From: Glauber Costa <glommer@parallels.com>
To: linux-kernel@vger.kernel.org
Cc: paul@paulmenage.org, lizf@cn.fujitsu.com,
kamezawa.hiroyu@jp.fujitsu.com, ebiederm@xmission.com,
davem@davemloft.net, gthelen@google.com, netdev@vger.kernel.org,
linux-mm@kvack.org, kirill@shutemov.name, avagin@parallels.com,
devel@openvz.org, eric.dumazet@gmail.com,
Glauber Costa <glommer@parallels.com>,
KAMEZAWA Hiroyuki <kamezawa.hiroyu@jp.fujtisu.com>
Subject: [PATCH v5 04/10] per-cgroup tcp buffers control
Date: Mon, 7 Nov 2011 13:26:29 -0200 [thread overview]
Message-ID: <1320679595-21074-5-git-send-email-glommer@parallels.com> (raw)
In-Reply-To: <1320679595-21074-1-git-send-email-glommer@parallels.com>
With all the infrastructure in place, this patch implements
per-cgroup control for tcp memory pressure handling.
A resource conter is used to control allocated memory, except
for the root cgroup, that will keep using global counters.

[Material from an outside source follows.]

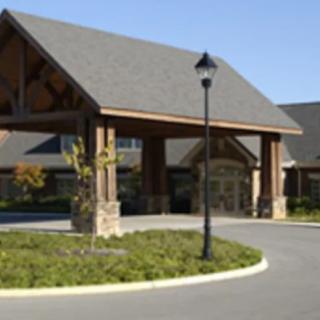 A building entrance with a covered driveway and landscaped surroundings.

This patch is the one that actually enables/disables the
jump labels controlling cgroup. To this point, they were always
disabled.
Signed-off-by: Glauber Costa <glommer@parallels.com>
CC: KAMEZAWA Hiroyuki <kamezawa.hiroyu@jp.fujtisu.com>
CC: David S. Miller <davem@davemloft.net>
CC: Eric W. Biederman <ebiederm@xmission.com>
CC: Eric Dumazet <eric.dumazet@gmail.com>
---
include/net/tcp.h | 18 +++++++
include/net/transp_v6.h | 1 +
mm/memcontrol.c | 125 ++++++++++++++++++++++++++++++++++++++++++++++-
net/core/sock.c | 46 +++++++++++++++--
net/ipv4/af_inet.c | 3 +
net/ipv4/tcp_ipv4.c | 12 +++++
net/ipv6/af_inet6.c | 3 +
net/ipv6/tcp_ipv6.c | 10 ++++
8 files changed, 211 insertions(+), 7 deletions(-)
diff --git a/include/net/tcp.h b/include/net/tcp.h
index ccaa3b6..7301ca8 100644
--- a/include/net/tcp.h
+++ b/include/net/tcp.h
@@ -253,6 +253,22 @@ extern int sysctl_tcp_cookie_size;
extern int sysctl_tcp_thin_linear_timeouts;
extern int sysctl_tcp_thin_dupack;
+struct tcp_memcontrol {
+ /* per-cgroup tcp memory pressure knobs */
+ struct res_counter tcp_memory_allocated;
+ struct percpu_counter tcp_sockets_allocated;
+ /* those two are read-mostly, leave them at the end */
+ long tcp_prot_mem[3];
+ int tcp_memory_pressure;
+};
+
+long *sysctl_mem_tcp(struct mem_cgroup *memcg);
+struct percpu_counter *sockets_allocated_tcp(struct mem_cgroup *memcg);
+int *memory_pressure_tcp(struct mem_cgroup *memcg);
+struct res_counter *memory_allocated_tcp(struct mem_cgroup *memcg);
+int tcp_init_cgroup(struct cgroup *cgrp, struct cgroup_subsys *ss);
+void tcp_destroy_cgroup(struct cgroup *cgrp, struct cgroup_subsys *ss);
+
extern atomic_long_t tcp_memory_allocated;
extern struct percpu_counter tcp_sockets_allocated;
extern int tcp_memory_pressure;
@@ -305,6 +321,7 @@ static inline int tcp_synq_no_recent_overflow(const struct sock *sk)
}
extern struct proto tcp_prot;
+extern struct cg_proto tcp_cg_prot;
#define TCP_INC_STATS(net, field) SNMP_INC_STATS((net)->mib.tcp_statistics, field)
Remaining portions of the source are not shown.